Castilian Spanish


Me siento raro y pequeño cuando leo la expresión Castilian Spanish para definir lo que hablo a casi todas horas (mis progresos con la otra lengua romance y oficial que me rodea son como el suelo del infierno para los ingleses: empedrados de buenas intenciones, y nada más). El haberme ganado la vida con –entre otras cosas- el idioma tal vez no legitima la certeza vital de que siento el que a mí me define lo que hablo: aquí y allí, en La Roca y en la otra Roca, la de Alcatraz. Entonces, ¿soy un castilian spanish? Me imagino portando un pendón morado por los pasillos de las empresas con filiales en lugares en las que se habla, a secas, el spanish. Méndez Álvaro, los ingleses y Cuzco (¿o será Cusco?): más vale honra sin barcos que barcos sin honra etc etc, y América –como París- bien valen tanto una misa como un caballo.
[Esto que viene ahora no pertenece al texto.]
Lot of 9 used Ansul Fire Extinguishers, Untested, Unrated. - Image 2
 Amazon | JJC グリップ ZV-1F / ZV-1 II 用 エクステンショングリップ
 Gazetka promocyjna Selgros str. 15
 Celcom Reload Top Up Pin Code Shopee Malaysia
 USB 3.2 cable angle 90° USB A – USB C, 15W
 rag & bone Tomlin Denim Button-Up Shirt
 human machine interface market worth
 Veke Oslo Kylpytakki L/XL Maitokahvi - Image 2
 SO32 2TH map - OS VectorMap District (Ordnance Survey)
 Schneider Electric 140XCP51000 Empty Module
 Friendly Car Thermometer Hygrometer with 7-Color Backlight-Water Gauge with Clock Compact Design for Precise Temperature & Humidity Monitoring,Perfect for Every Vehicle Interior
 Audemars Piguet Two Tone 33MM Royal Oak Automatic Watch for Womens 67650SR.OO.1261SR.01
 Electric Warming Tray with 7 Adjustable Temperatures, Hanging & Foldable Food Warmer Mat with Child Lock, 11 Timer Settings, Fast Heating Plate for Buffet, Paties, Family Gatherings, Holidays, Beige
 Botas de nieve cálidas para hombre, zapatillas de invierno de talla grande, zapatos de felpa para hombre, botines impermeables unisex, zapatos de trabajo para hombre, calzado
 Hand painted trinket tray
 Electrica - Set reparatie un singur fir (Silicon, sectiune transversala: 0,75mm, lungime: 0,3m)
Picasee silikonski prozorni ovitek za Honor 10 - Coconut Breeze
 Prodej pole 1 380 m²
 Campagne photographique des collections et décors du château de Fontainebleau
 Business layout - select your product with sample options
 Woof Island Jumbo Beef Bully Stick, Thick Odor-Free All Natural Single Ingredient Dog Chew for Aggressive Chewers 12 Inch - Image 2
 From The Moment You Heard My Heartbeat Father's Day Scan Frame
Tanto tiempo presumiendo de castellano sin serlo que ahora, proverbialmente, tomo dos tazas: castilian spanish... A mi madre le bastaban dos minutos en su casa, bajo su cielo –bueno, de hecho le bastaba con que le saludara mi abuela al verla bajar del coche- para romper a hablar en bable, o gallego, o lo que fuera esa lengua con la que se había criado y había crecido (y que a mí me parecía una lengua cantarina y donde todo acababa en –e: abondo, deitar, cedo). Hoy, me creo que por pasar dos minutos esperando por una Corona fría en alguna cantina poblense de la Nueva España y agradeserlo disiendo grasias, el spanish adquiere un carácter eterno y a prueba de holocaustos nucleares, como las cucarachas.